I a working program that allows me to search for the column name and tally how many times something shows up in that column, but I want to make something a bit more precise. Here is my code:
def start():
location = raw_input("What is the folder containing the data you like processed located? ")
#location = "C:/Code/Samples/Dates/2015-06-07/Large-Scale Data Parsing/Data Files"
if os.path.exists(location) == True: #Tests to see if user entered a valid path
file_extension = raw_input("What is the file type (.txt for example)? ")
search_for(location,file_extension)
else:
print "I'm sorry, but the file location you have entered does not exist. Please try again."
start()
def search_for(location,file_extension):
querylist = []
n = 5
while n == 5:
search_query = raw_input("What would you like to search for in each file? Use'Done' to indicate that you have finished your request. ")
#list = ["CD90-N5722-15C", "CD90-NB810-4C", "CP90-N2475-8", "CD90-VN530-22B"]
if search_query == "Done":
print "Your queries are:",querylist
print ""
content = os.listdir(location)
run(content,file_extension,location,querylist)
n = 0
else:
querylist.append(search_query)
continue
def run(content,file_extension,location,querylist):
for item in content:
if item.endswith(file_extension):
search(location,item,querylist)
quit()
def search(location,item,querylist):
with open(os.path.join(location,item), 'r') as f:
countlist = []
for search in querylist: #any search value after the first one is incorrectly reporting "0"
countsearch = 0
for line in f:
if search in line:
countsearch = countsearch + 1
countlist.append(search)
countlist.append(countsearch) #mechanism to update countsearch is not working for any value after the first
print item, countlist
start()
If I use that code, the last part (def search) is not working correctly.
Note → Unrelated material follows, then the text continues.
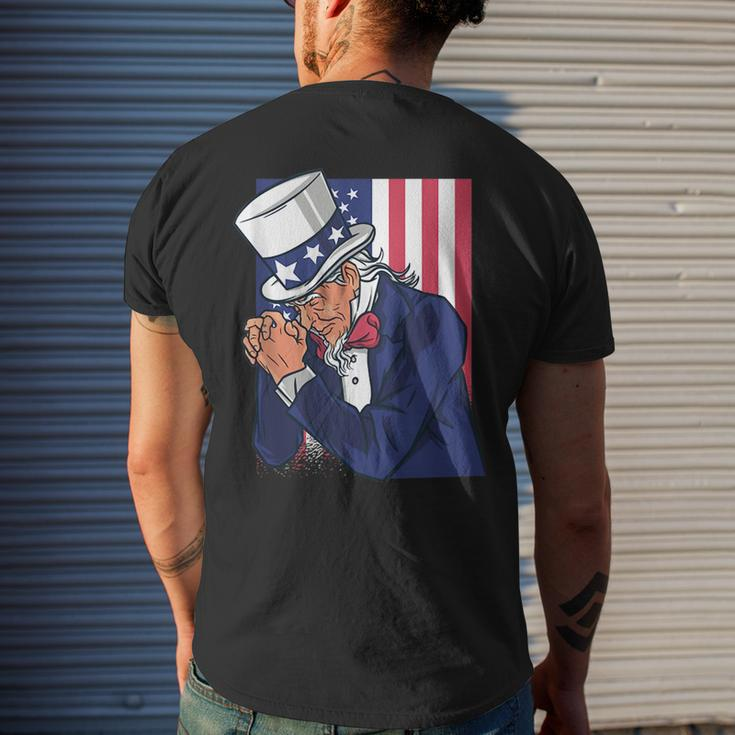 Uncle Sam Praying Us American Patriotic Culture 4Th July Mens Back Print T-shirt Gifts for Him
Any time I put a search in, any search after the first one I enter in returns "0", despite there being up to 500,000 occurrences of the search word in a file.
I was also wondering, since I have to index 5 files with 1,000,000 lines each, if there was a way I could write either an additional function or something to count how many times "Lettuce" occurs over all the files.
I cannot post the files here due to their size and content. Any help would be greatly appreciated.
Edit
I also have this piece of code here. If I use this, I get the correct count of each, but it would be much better to have a user be able to enter as many searches as they want:
def check_start():
#location = raw_input("What is the folder containing the data you like processed located? ")
location = "C:/Code/Samples/Dates/2015-06-07/Large-Scale Data Parsing/Data Files"
content = os.listdir(location)
for item in content:
if item.endswith("processed"):
countcol1 = 0
countcol2 = 0
countcol3 = 0
countcol4 = 0
#print os.path.join(currentdir,item)
with open(os.path.join(location,item), 'r') as f:
for line in f:
if "CD90-N5722-15C" in line:
countcol1 = countcol1 + 1
if "CD90-NB810-4C" in line:
countcol2 = countcol2 + 1
if "CP90-N2475-8" in line:
countcol3 = countcol3 + 1
if "CD90-VN530-22B" in line:
countcol4 = countcol4 + 1
print item, "CD90-N5722-15C", countcol1, "CD90-NB810-4C", countcol2, "CP90-N2475-8", countcol3, "CD90-VN530-22B", countcol4

You are trying to iterate over your file more than once. After the first time, the file pointer is at the end so subsequent searches will fail because there's nothing left to read.
If you add the line:
f.seek(0), this will reset the pointer before every read:
def search(location,item,querylist):
with open(os.path.join(location,item), 'r') as f:
countlist = []
for search in querylist: #any search value after the first one is incorrectly reporting "0"
countsearch = 0
for line in f:
if search in line:
countsearch = countsearch + 1
countlist.append(search)
countlist.append(countsearch) #mechanism to update countsearch is not working for any value after the first
f.seek(0)
print item, countlist
PS. I've guessed at the indentation... You really shouldn't use tabs.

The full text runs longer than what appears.